DMOZ is Back Online

The day after the founder posts about the death of DMOZ they are back online with editing open, but new URL submissions are still down.

Thanks to Martjin.

Published: December 19, 2006 by Aaron Wall in directories


December 23, 2006 - 7:13am

Cool to have it back up, but I have to agree with the comment above:

"But since I am now an experienced guy in SEO, I dont care for DMOZ anymore"

A couple things that should be noted. Your SEO and marketing efforts are not foiled if you do not get in, but if you are lucky enough to get in as I have on quite of few of my sites it does help! But seriously if you are putting all your SEO marketing "eggs" in the DMOZ basket you are a fool!
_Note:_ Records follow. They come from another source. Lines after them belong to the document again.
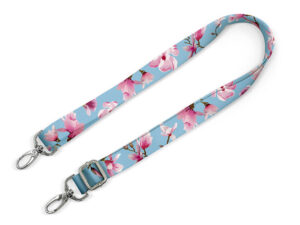 A personalized bag strap with sublimation printing. Available in two widths, adjustable length, and durable hardware. An ideal promotional accessory. AMGS Group.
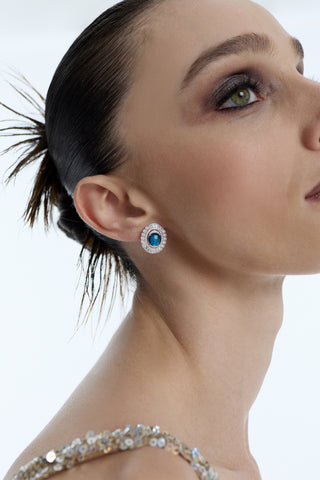 SIDE PROFILE OF A MODEL LOOKING UPWARD AS SHE WEARS HER HAIR IN A SLICK-BACK BUN, A GOLD SPARKLY DRESS, AND THE FRANCES BLUE OVAL BUTTON EARRINGS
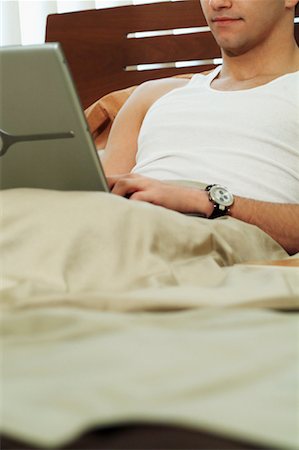 Man Using Laptop Computer In Bed Stock Photo - Rights-Managed, Code: 700-00522927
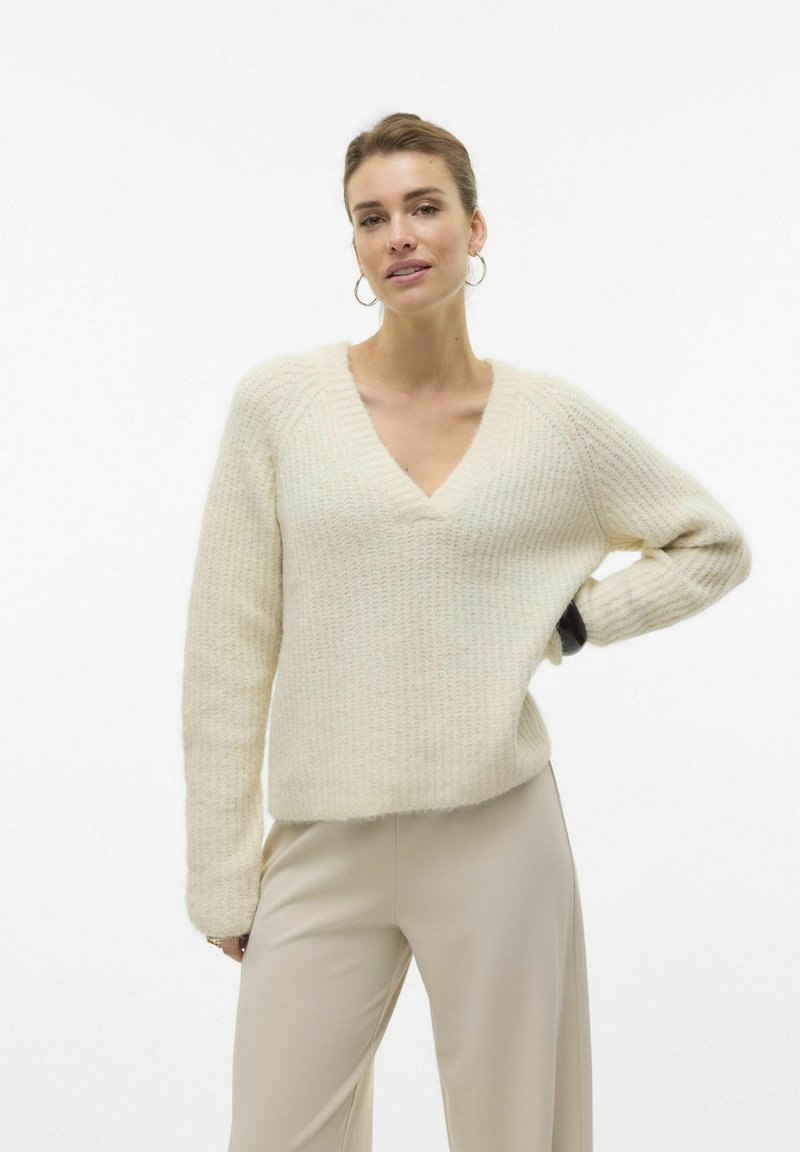 Pull en maille crème avec un col en V, des manches longues, un textile texturé et une coupe décontractée. Associé à un pantalon de couleur claire.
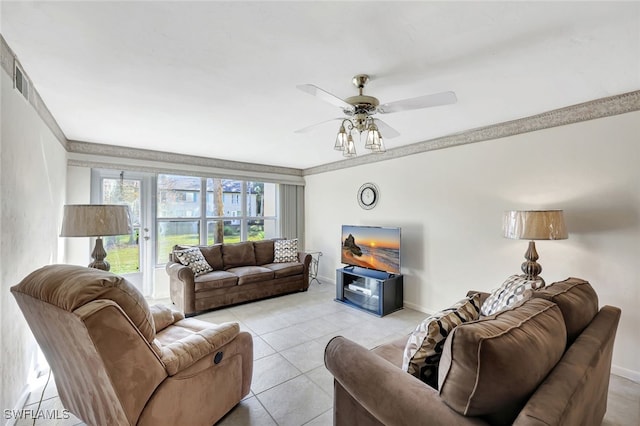 tiled living room featuring ceiling fan and ornamental molding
December 23, 2006 - 3:47pm

That's funny, they post they're back online but when I try to suggest my website they say they are experiencing some technical difficulties.

I hope they get back online ASAP so I can add myself to their index.

Merry Christmas Everyone! And a happy new year!

February 14, 2007 - 12:53pm

I have been trying to get a listing edited now since July 2002 which had been changed and abused by an editor that was being paid by a competitor.

Although the editor has been stopped from editing under that particular name I believe he had other pseudonyms because the listing kept changing until it is now unrecogniseable from what it should be.

A very poor showing by DMOZ, I still have some faith in the idea by like communism in practice it falls down due to mismanagement.

All men are created equal, some more equal than others. :-)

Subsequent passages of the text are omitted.